Gábriel Dunka recognized the woman, who lived in the Baba Rotunda Pass and sometimes passed along the fence of his house on her way to the fruit depot with a mushroom-filled satchel or a pack basket full of blueberries or blackberries. Never would he have thought that one day, stark naked at the side of the road, she would flag him down — him, of all people. Reluctantly, he picked her up.
Rather than have her sit next to him up front, concerned that someone might see her there instead he had her lie down in the back among the wood frames he used to keep window panes apart while being transported. The station wagon was not actually his own. He used it only to drive the glass between his workshop in Dobrin City and the construction site in Sinistra; the prison directorate and the mountain infantry commander drove those roads by special permit. Explaining himself would have been a challenge, were some official or even a local peasant to notice that he was now, while on duty in his yellow-plated official car, transporting nude women. Having stretched out Elvira Spiridon beside the frames, Gábriel Dunka slammed the rear door shut.
Gábriel Dunka was only as tall as the woman’s belly, and having breathed in the intermingled scent of her navel and the rain on her skin, he was now a bit dizzy.
As soon as he got home — the shed, set in a simple, bare village yard, was also his workshop — he backed in right up to his door so as to get the woman inside without attracting attention. The neighbors across the stream watched his every move through binoculars, he knew — for many people could never get their fill of the spectacle of a dwarf.

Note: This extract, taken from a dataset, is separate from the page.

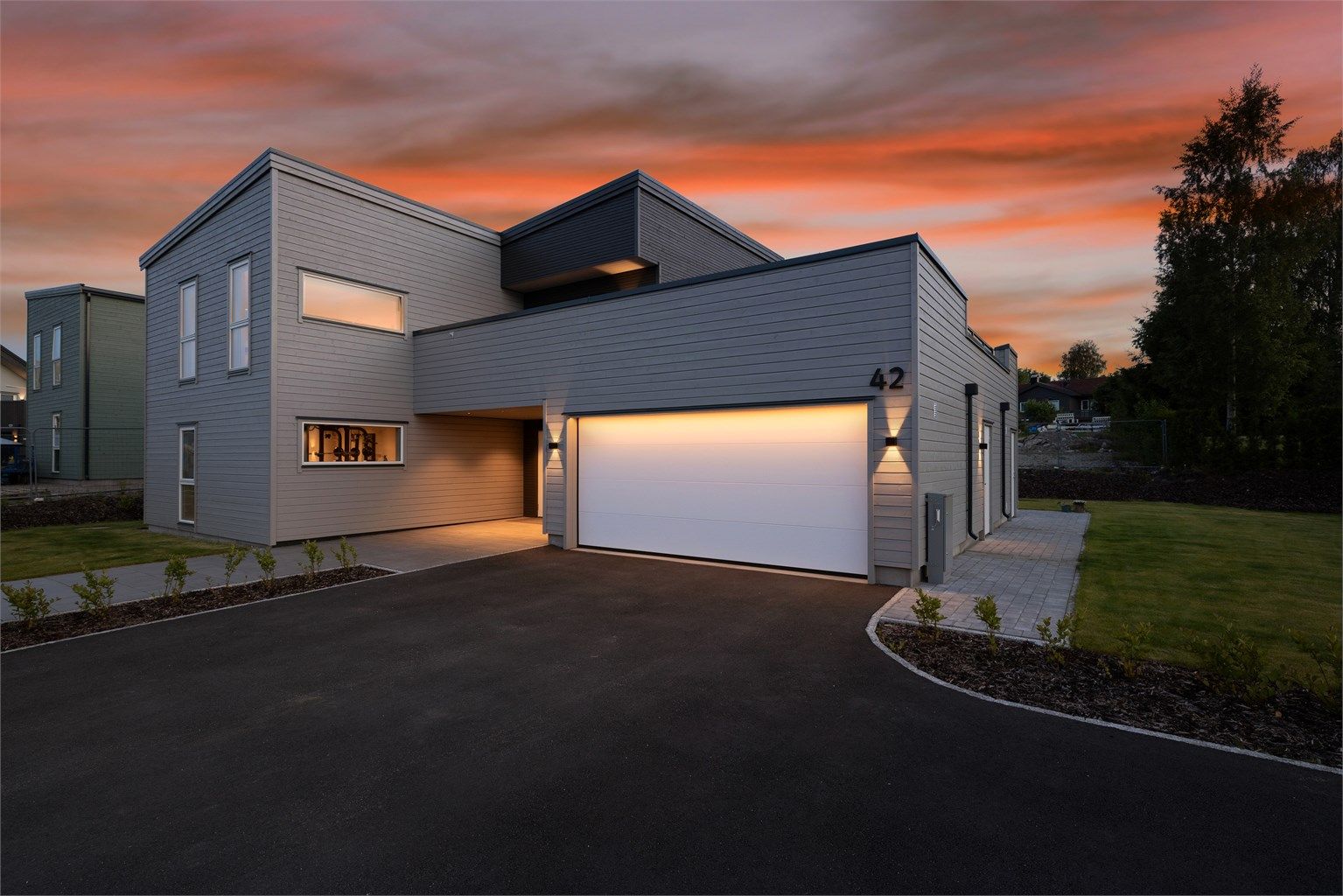 Foruten moderne arkitektur og et rikt indre har boligen en hel rekke prisverdige kvaliteter, deriblant flotte uterom i to høyder.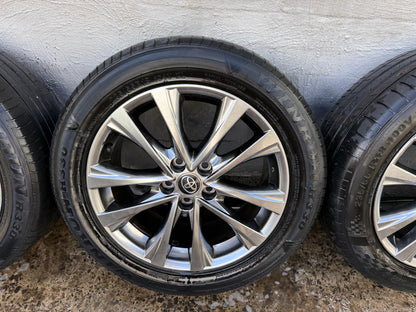 Toyota RAV4 18” Alloy Wheels with Tyres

As might be imagined, Elvira Spiridon hadn’t exactly been engaging in innocent pastimes. That morning she had tried to flee the country along with her companion, but the attempt turned out badly for her from the start.
Mustafa Mukkerman, the Turkish trucker, transported frozen mutton from the Beskids range to the southern tip of the Balkans and sometimes, on the side, he smuggled out desperate people by stashing them among the halves of icy sheep, which hung on hooks. On this day he had left her behind. It turned out — as they discovered only just as they were clambering up — that he had long before sworn to himself never to transport women; some nervous wench had once messed up the whole truck. So while her companion, Andrei, the road worker, was put aboard, she, Elvira Spiridon, had to stay behind on the road, and stark naked at that.